The current record-low benchmark interest rate of 0.75 is weighing on the local banking group’s profitability, which in turn has added volatility to the assets it carries. This forces it to take a conservative stance when making large-scale mergers and acquisition investments such as the Prudential Life bid.

Local lenders had already been suffering with low net interest margins, which are a key profitability indicator for banks.
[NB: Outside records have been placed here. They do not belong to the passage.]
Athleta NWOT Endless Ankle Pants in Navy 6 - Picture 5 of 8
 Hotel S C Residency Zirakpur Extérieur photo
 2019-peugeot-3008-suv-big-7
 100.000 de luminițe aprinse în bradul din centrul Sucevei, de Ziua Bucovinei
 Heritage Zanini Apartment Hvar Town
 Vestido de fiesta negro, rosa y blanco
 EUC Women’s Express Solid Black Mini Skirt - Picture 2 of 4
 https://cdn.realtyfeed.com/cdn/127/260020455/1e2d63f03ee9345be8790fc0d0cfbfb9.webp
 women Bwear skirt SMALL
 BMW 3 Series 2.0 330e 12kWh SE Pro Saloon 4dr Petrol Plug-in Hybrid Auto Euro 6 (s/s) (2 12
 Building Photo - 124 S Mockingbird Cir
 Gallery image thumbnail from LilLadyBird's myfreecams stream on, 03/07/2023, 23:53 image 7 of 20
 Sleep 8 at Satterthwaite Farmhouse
The NIM measures the gap between income from loans and the interest paid out on deposits, and tends to decline as rates drop.

For Thursday’s bidding, Goldman Sachs acted as lead manager while KB Financial Group competed against large-scale private equity houses including MBK Partners, Hahn & Co. and IMM Private Equity. 

Prudential Life's headquarters in Seoul (Prudential Life)



Of the three private equities, IMM partnered with Woori Financial Group at the last minute, with the holding group offering acquisition financing. IMM currently holds a 5.96 percent stake in Woori.

MBK Partners and Hahn & Co. chose local brokerages Korea Investment & Securities and NH Investment & Securities as their partners.

Industry watchers expected the bid to be mainly a competition between KB and IMM with Woori, due to the banking group’s apparent hopes of gaining an insurance unit in a bid to diversify its portfolio.

KB has long hoped for a life insurance unit in addition to KB Life Insurance, especially after its rival Shinhan’s 2.3 trillion won takeover of what was known as ING Life Insurance in February 2019. ING Life was later rebranded as Orange Life.

Woori currently does not own an insurance unit and the acquisition of an insurer would be the cherry on top of its latest buying spree. Last year it acquired real estate trust firm Kukje Trust, asset management houses Tongyang Asset Management and ABL Asset Management, as well as credit card firm Lotte Card, which it bought jointly with private equity house MBK Partners.

But local insurers also face drawbacks from the BOK’s latest rate cut. The insurers see their legacy high-yield guarantee policies reaching maturity and the new 0.75 rate has capped the return on their investments.